Fatma Karahasanoğlu


KORKU ŞİDDETİ GETİRİR

Neden korkarız? Korku nedir? Korku, her zaman şiddeti getirir.


                           KORKU ŞİDDETİ GETİRİR

 

                 Neden korkarız? Korku nedir? Korku, her zaman şiddeti getirir. Korkulan yada korkutulan eylemlere bakıldığında karşımıza nelerin çıktığını analiz ederken, korkunun yarattığı etkenleri de, bilmekte fayda vardır.

 Korkuyla büyütülen bir çocuğun korkuyla büyütülmeyen bir çocuk arasında oldukça fark vardır. Bu farkı her alanda görmek mümkündür. İler ki yaşlarda korku kendini daha değişik versiyonlarda gösterir. En küçük olay karşısında şiddete baş vurulur. Korkutularak büyütülen bir çocuk yetişkin olduğunda şiddet yapmayı kendinde hak görür. Şiddetin  her türlüsü ona göre normaldir. Çünkü küçükken aldığı eğitim buna göreydi.  Çevresinde olan bitenleri kendi yaşayışına göre değerlendirdiğinde yaptığı eylemlerde aynı olur.

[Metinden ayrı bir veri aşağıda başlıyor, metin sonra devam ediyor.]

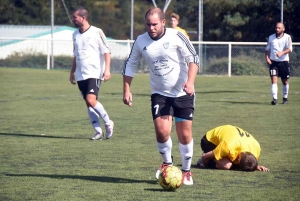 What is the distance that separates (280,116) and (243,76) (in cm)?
1731

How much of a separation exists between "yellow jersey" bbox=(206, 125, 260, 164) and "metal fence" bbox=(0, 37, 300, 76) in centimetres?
2289

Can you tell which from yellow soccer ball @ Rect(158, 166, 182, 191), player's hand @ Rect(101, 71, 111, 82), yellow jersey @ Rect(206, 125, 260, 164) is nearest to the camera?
yellow soccer ball @ Rect(158, 166, 182, 191)

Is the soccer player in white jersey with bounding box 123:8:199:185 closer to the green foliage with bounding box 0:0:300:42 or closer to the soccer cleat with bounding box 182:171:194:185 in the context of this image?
the soccer cleat with bounding box 182:171:194:185

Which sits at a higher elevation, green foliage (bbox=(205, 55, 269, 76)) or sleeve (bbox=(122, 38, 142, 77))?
sleeve (bbox=(122, 38, 142, 77))

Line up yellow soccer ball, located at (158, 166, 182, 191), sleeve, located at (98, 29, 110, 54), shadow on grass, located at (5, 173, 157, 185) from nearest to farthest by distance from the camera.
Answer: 1. yellow soccer ball, located at (158, 166, 182, 191)
2. shadow on grass, located at (5, 173, 157, 185)
3. sleeve, located at (98, 29, 110, 54)

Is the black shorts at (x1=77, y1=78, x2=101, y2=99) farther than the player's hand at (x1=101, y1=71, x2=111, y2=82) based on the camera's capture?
Yes

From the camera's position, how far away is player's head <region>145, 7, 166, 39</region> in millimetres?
6859

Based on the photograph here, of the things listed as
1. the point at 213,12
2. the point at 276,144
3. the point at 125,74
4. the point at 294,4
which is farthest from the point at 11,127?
the point at 213,12

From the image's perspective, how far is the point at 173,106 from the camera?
7.19 metres

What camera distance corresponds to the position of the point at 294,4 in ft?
115

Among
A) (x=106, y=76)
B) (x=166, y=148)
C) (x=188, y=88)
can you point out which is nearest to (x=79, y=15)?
(x=106, y=76)

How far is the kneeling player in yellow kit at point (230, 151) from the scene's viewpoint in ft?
25.7

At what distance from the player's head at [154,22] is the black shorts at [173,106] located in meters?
0.68

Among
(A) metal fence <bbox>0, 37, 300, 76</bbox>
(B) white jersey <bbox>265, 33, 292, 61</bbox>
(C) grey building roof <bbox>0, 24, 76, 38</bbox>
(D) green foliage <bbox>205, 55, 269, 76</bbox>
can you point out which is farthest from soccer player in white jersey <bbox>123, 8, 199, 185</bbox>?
(C) grey building roof <bbox>0, 24, 76, 38</bbox> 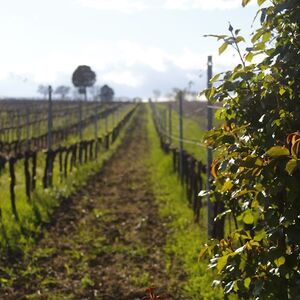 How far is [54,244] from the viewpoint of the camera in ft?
24.5

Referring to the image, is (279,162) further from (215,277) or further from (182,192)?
(182,192)

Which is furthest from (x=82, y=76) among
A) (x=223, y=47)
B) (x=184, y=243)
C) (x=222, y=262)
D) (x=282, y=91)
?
(x=222, y=262)

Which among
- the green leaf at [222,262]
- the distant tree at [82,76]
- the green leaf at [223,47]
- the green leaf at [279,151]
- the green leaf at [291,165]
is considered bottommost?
the green leaf at [222,262]

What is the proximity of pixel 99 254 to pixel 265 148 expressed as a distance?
502cm

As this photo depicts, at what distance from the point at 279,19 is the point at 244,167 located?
831 mm

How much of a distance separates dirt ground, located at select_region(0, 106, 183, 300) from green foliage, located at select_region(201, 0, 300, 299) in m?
2.14


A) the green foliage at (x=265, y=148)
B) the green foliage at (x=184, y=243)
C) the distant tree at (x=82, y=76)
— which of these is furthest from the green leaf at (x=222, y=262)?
the distant tree at (x=82, y=76)

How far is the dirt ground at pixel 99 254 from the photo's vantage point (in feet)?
19.0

Korkunun ecele faydası yoktur. Fakat insanların içine korku yerleştiğinden bir daha çıkması mümkün olmuyor.

Gelişigüzel hayatlarda çekilen en büyük sıkıntı budur.  Rast gele evlenen çiftlerin dünyaya getirdiği çocuklar o çiftin birbirlerine davranış şekilleriyle şiddet ortamında büyümesine neden olur. O çocuk hangi okula giderse gitsin ne kadar yüksek tahsil alırsa alsın şiddet ortamında büyüdüğünden çevresindekilere şiddet yapması ona göre en doğal hadiselerden biridir.

                Herhangi bir böcekten korktuğumuzda hemen onu öldürmeyi düşünürüz. Bu akrep olur, fare olur, yılan olur. Vs. o anda ilk baş vuracağımız, onu öldürmektir. Bu da  diğer bir canlıya uyguladığımız bir şiddettir. Bu şiddet ne için yapıldı? o canlıdan korktuğumuz için.

 Demek ki, korku şiddeti getiriyor. Peki bir insan, diğer bir insanı ne için öldürüyor? Ondan korktuğu için mi? Yoksa şiddet içerisinde yetiştirildiği için mi?  Bu yorumu size bırakacağım.             İki arkadaş uzun bir yolculuğa çıkar. Yol uzun olduğundan bir handa gece konaklarlar. Atlar hanın ahırına bağlanır, kendileri de hanın bir odasında dinlenmeye gider. Fakat her ikisi de, birbirlerine güvenmez. Ve uyumaz. Sabaha kadar gözlerini kırpmadan öylece yataklarında yatarlar. Gün ışıdığında aynı anda ellerinde bir bıçakla yataktan kalkarlar. Her ikisinde gözleri  fal taşı gibi açılmıştır. Biri diğerine, ?o bıçakla beni mi öldürecektin.? diğeri; ?sen o bıçakla beni mi öldürecektin?? bir an susarlar. Sonra ikisi birden ?evet? der.